Data in this exercise.
★ ★ ★ ★ ★ ★ ★

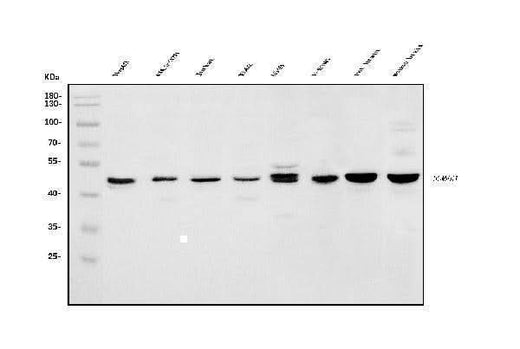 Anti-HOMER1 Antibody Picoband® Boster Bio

★ ★ ★ ★ ★ ★ ★

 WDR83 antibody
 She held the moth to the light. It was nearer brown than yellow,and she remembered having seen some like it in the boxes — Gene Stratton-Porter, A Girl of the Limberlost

★ ★ ★ ★ ★ ★ ★

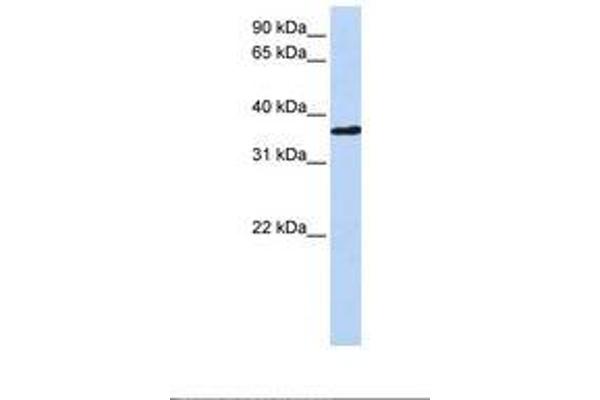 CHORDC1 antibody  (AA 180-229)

★ ★ ★ ★ ★ ★ ★

Exercise aim.
An exact copy of the lines above, from the one containing "WDR83 antibody" through the one containing "She held the", is the whole of the answer.

Response area.
 WDR83 antibody
 She held the moth to the light. It was nearer brown than yellow,and she remembered having seen some like it in the boxes — Gene Stratton-Porter, A Girl of the Limberlost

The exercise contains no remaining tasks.